Искренность после коммунизма. Культурная история - [56]
>Илл. 4. Картина Даши Фурсей из серии «Пионерки» (2005), которую Алексей Юрчак рассматривает как пример «постпосткоммунистической искренности» в современном российском искусстве (Yurchak A. Post-Post-Communist Sincerity. P. 265ff). Печатается с разрешения Даши Фурсей
Таким образом, Юрчак не только отмечает постоянный интерес к искреннему самовыражению, характерный для постсоветской России, но прямо помещает этот интерес в контекст исторических представлений, трактуя его как художественную попытку разобраться с недавним прошлым.
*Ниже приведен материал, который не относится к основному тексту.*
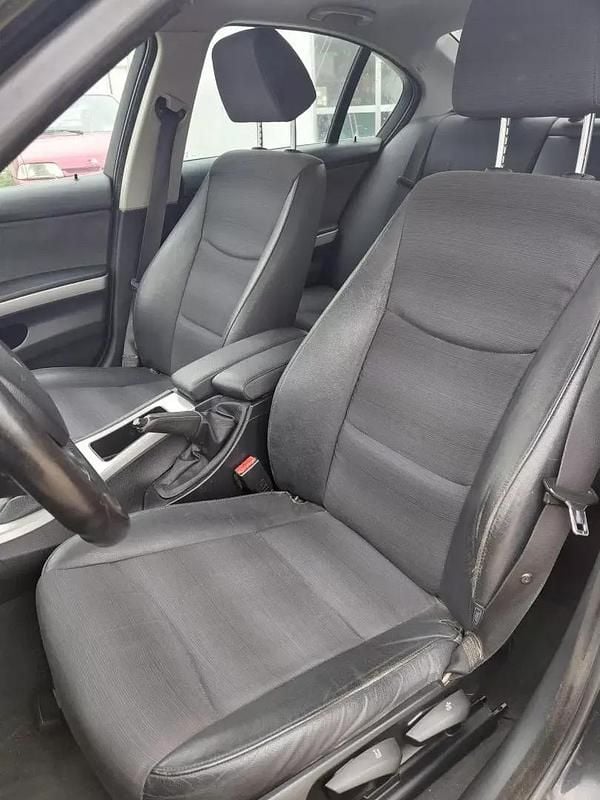 Usado BMW 318 143 HP (105 kW) 2008 Preto Sedan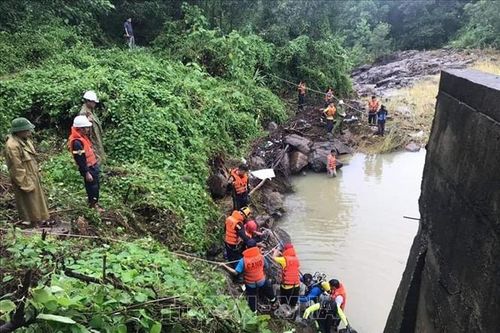 Tìm thấy thi thể nạn nhân bị lũ cuốn ở huyện Hòa Vang, Đà Nẵng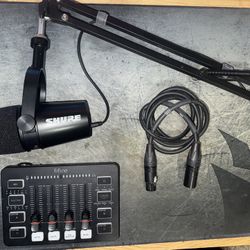 Shure MV7 W/ Mic Arm - Fifine RGB SC3 Audio Mixer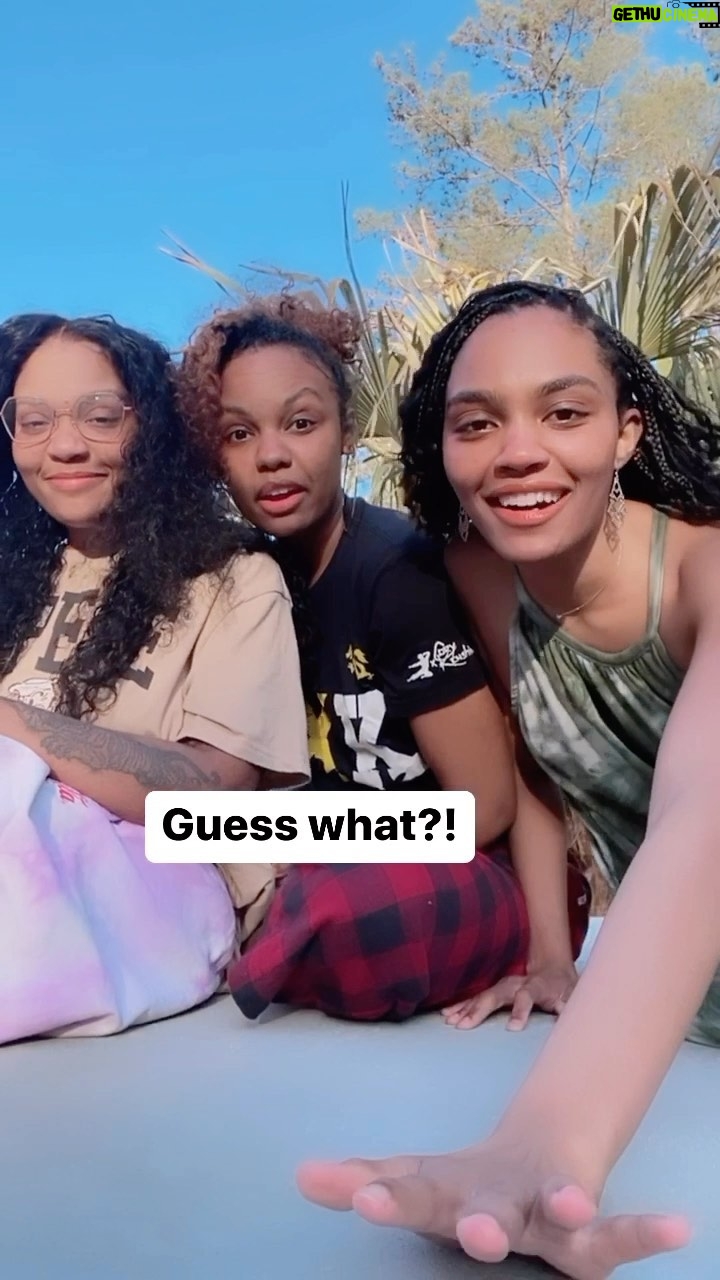 China Anne McClain Instagram - TONIGHT! I’m yelling because I’m excited 😂 @911lonestar
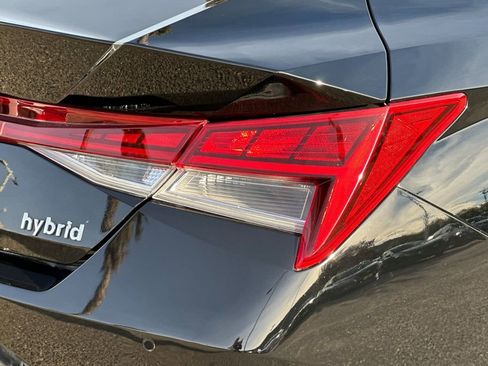 Used 2023 Hyundai Elantra Limited image 27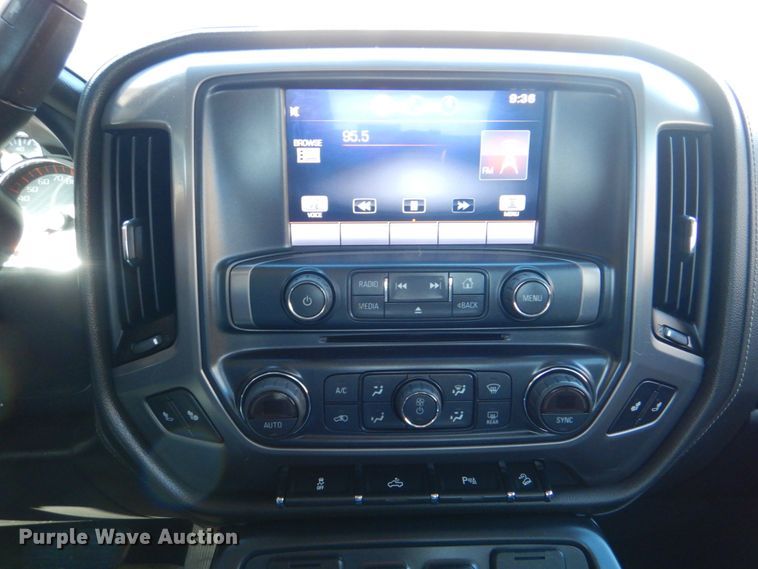 image for item DJ8705 2015 GMC Sierra 1500  Crew Cab pickup truck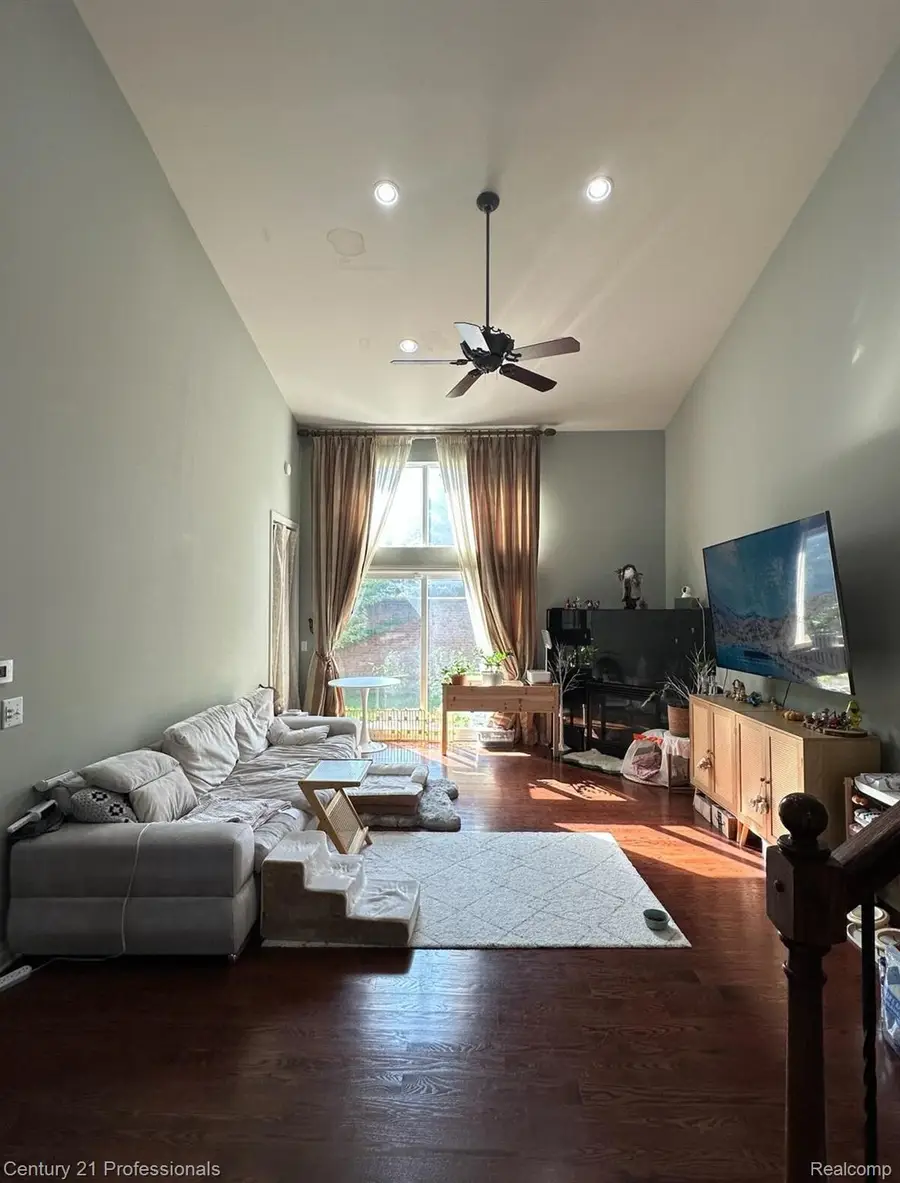 4391 Bennett Park Circle #null, Troy, MI 48085 - Image #2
Независимо от того, как различаются их трактовки «новой искренности», Юрчак, Липовецкий, Кабаковы, Иванова и Эпштейн используют именно эту формулу (с небольшими вариациями), чтобы выразить общую идею. Каждый из них указывает на то, что искренность можно использовать в качестве терапевтического социального инструмента, средства в борьбе с коллективной исторической травмой. Да, Липовецкий испытывает недоверие к этой идее, сомневаясь в возможности воскресить искренность в постмодернистском мире. Однако, когда он дает свой (скептический) обзор интерпретаций «новой искренности», он солидарен с коллегами в одном важном моменте: все интерпретации так или иначе представляют дискурсивный тренд в качестве инструмента для преодоления культурной травмы.
«СТЁБ С ДУШКОМ»: РЕАКЦИОННЫЕ ЗАВИХРЕНИЯ
Как мы видели, Липовецкий и другие авторы, выдвигающие тезис о «терапевтической» искренности, не являются его первооткрывателями. Они наследуют логике и отчасти языку искренности Гандлевского и, что важнее, Пригова, но адаптируют этот язык к путинской России. Я нарочно говорю о «путинской», а не просто о «современной» России: когда речь заходит о соотношении исторической памяти и искренности, вопрос о характере российской политики оказывается далеко не праздным. Современная политика повсеместно присутствовала в приговских проектах «новой искренности»; политическая ангажированность лежит в основе предлагаемого Юрчаком понятия постпосткоммунистической искренности; но политическая тенденциозность также определяет взгляды тех авторов, которые со временем стали участниками постсоветских дискуссий об искренности. Пристальное изучение этих голосов помогает понять, почему в 2000‐х годах эти дискуссии стали приобретать явно реакционный характер.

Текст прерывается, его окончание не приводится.